== EXERCISE DESCRIPTION ==
Among the lines below, keep only those from the one containing "Match Breaking - staff notation" through the one containing "5x9 Black Grey", and reproduce them exactly.

RECORDS PROVIDED: Begin

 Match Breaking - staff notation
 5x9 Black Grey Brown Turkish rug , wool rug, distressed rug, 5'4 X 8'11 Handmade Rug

RECORDS PROVIDED: End
RECORDS PROVIDED: Begin

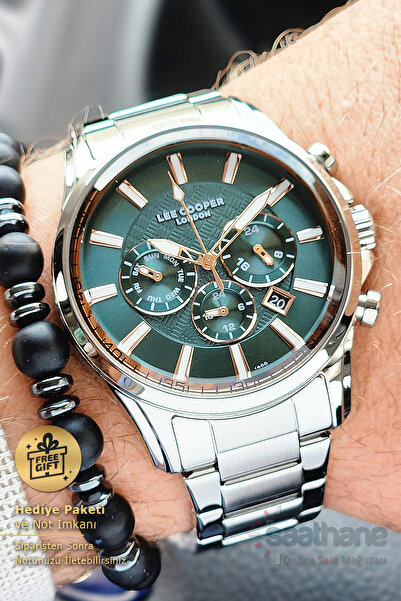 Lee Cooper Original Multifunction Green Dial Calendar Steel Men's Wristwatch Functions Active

RECORDS PROVIDED: End

== SOLVED PROBLEM ==
 Match Breaking - staff notation
 5x9 Black Grey Brown Turkish rug , wool rug, distressed rug, 5'4 X 8'11 Handmade Rug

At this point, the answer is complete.